Excelsior Mining Company v. Wilson

On January 21, 1943, the parties to this action entered into a contract, evidenced by the following letter: "Harrison, Arkansas, January 21, 1943, Mr. J. O. Willson, St. Joe, Arkansas. Dear Mr. Wilson: This letter is to provide a written understanding regarding, the sale and removal of chats now produced and in stock pile at our Excelsior mine near St. Joe, Arkansas. It is understood that you are to purchase these chats in the stock pile at the rate of (35) cents per ton, and that any expense of loading in trucks or other hauling methods, haulage to rail siding or destination is to be borne by you. It is estimated that the present stock pile of this date will approximate not more than 1,200 tons, and in order to clarify the total amount to be sold to you at this price of (35) cents per ton we will herewith state that not more than 1,200 tons will be sold to you at this rate.

"As to basis of payment it is further understood that the chats which you in turn sell to the Arkansas Highway Dept. or any other source shall be paid for by the purchaser to the Excelsior Mining Company in care of the Security Bank at their place of business in Harrison, Arkansas, and they shall deduct the amount of (35) cents per ton for all tons purchased and turn over to the Excelsior Mining Company such sums of money as determined by multiplying the total tons sold by the price per ton of 35 cents. The balance left after this deduction shall be turned over to you. Your acknowledgment of the above shall be deemed admitted by signing in the place so provided on the enclosed duplicate.
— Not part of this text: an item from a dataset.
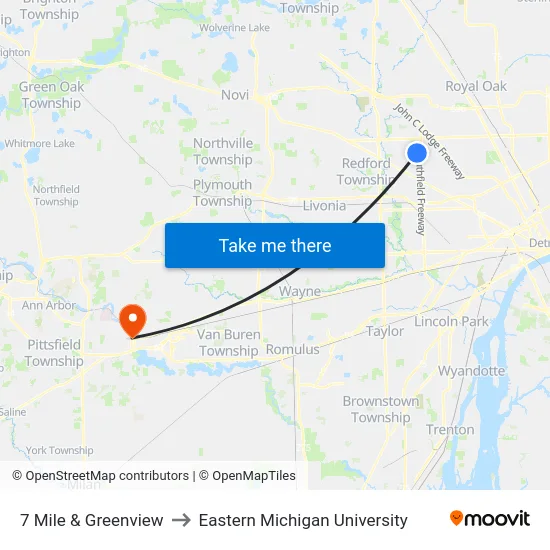 7 Mile & Greenview to Eastern Michigan University map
Yours very truly, Excelsior Mining Company, by Doyle A. Palmer, Exc. Vice Pres. Jno. O. Willson."

On June 14, 1943, appellee, Willson, sued appellant alleging in his complaint, among other things, "that shortly after the first week in June of 1943 he learned that Excelsior Mining Company was preparing to dispose of all of the chats produced at said Excelsior mine, including the chats purchased and contracted for by this plaintiff, by selling said chats to the Arkansas Highway Department . . .; that although plaintiff had contracted for the chats, and despite the fact that his negotiations *Page 1031 made possible said sale of said chats to the state, defendant is now preparing to move said chats momentarily without recognizing the contract of this plaintiff, without compensation to this plaintiff, without notice to this plaintiff, against his will and in violation of the terms of the contract heretofore annexed hereto; that defendant may at this time be moving said chats in violation of plaintiff's contract." He further alleged that as a result of appellant's breach of said contract, he had suffered damages and "loss of profit on said chats to the extent of $1 per ton on 1,200 tons, or $1,200."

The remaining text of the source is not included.